Dom Cacucci: O Mediterrâneo indica abertura, assim como a Europa basicamente indica abertura. Das palavras do Papa eu pensei que poderia tirar uma lição para a Europa também. A Europa nunca será verdadeiramente aberta, como dizia João Paulo II, se não levar em conta o Mediterrâneo, que não corresponde apenas ao sul da Europa. O Mediterrâneo tem sua própria centralidade na vida da Igreja e isto em continuidade com o que ocorreu nos primeiros séculos. Não devemos esquecer que a África proconsular, o Norte da África, era rica em Igrejas, especialmente no último período do Império Romano. Por isso, não devemos esquecer as riquezas que nos chegaram e os grandes bispos, como Agostinho e Cipriano, que ainda hoje iluminam a Igreja. Portanto, a tarefa da Igreja deve ser uma tarefa de fraternidade e unidade. Os bispos vieram a Bari sem ter uma clareza sobre os objetivos deste encontro e no final todos expressaram uma grande alegria, lembro-me muito bem, por terem conhecido outras realidades e esperavam que pudesse continuar.
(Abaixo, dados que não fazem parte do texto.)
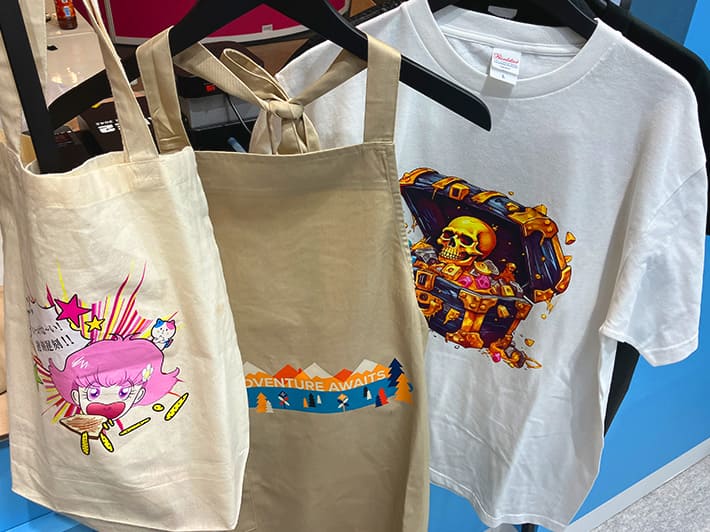 さまざまな生地にきれいに印刷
O Mediterrâneo continua sendo um cemitério para muitas pessoas que fogem e tentam atravessá-lo. Como vocês continuam trabalhando para acolher e integrar?
Dom Cacucci: Temos uma longa história em Bari. No final dos anos noventa, havia uma imigração constante de albaneses. Em Bari, eles encontraram um acolhimento completo. Mas o aspecto do acolhimento, que está no DNA de nossa terra, deve encontrar aquelas expressões que os bispos, especialmente do Norte da África, enfatizaram: eles não querem que suas terras sejam empobrecidas. A ajuda que devemos dar, também como Europa, é uma ajuda que deve garantir que as melhores forças daquelas terras não empobreçam aquelas nações.
Como o senhor vê a viagem do Papa Francisco ao Iraque?
Dom Cacucci: Posso testemunhar que o Patriarca iraquiano que estava presente em Bari proferiu algumas palavras muito incisivas em referência à comunhão das Igrejas às margens do Mediterrâneo e que estão no Oriente Médio. Gosto de pensar que aquelas palavras tão incisivas e também tão livremente expressas pelo Patriarca de Bagdá foram um prelúdio muito eficaz do que foi mais tarde a decisão do Papa de visitar o Iraque. Esta visita é necessária porque representa toda uma história de atenção também dos pontificados anteriores, em particular de João Paulo II, em relação ao Iraque e à guerra no Iraque, que – como sabemos – até agora foi apenas destrutiva.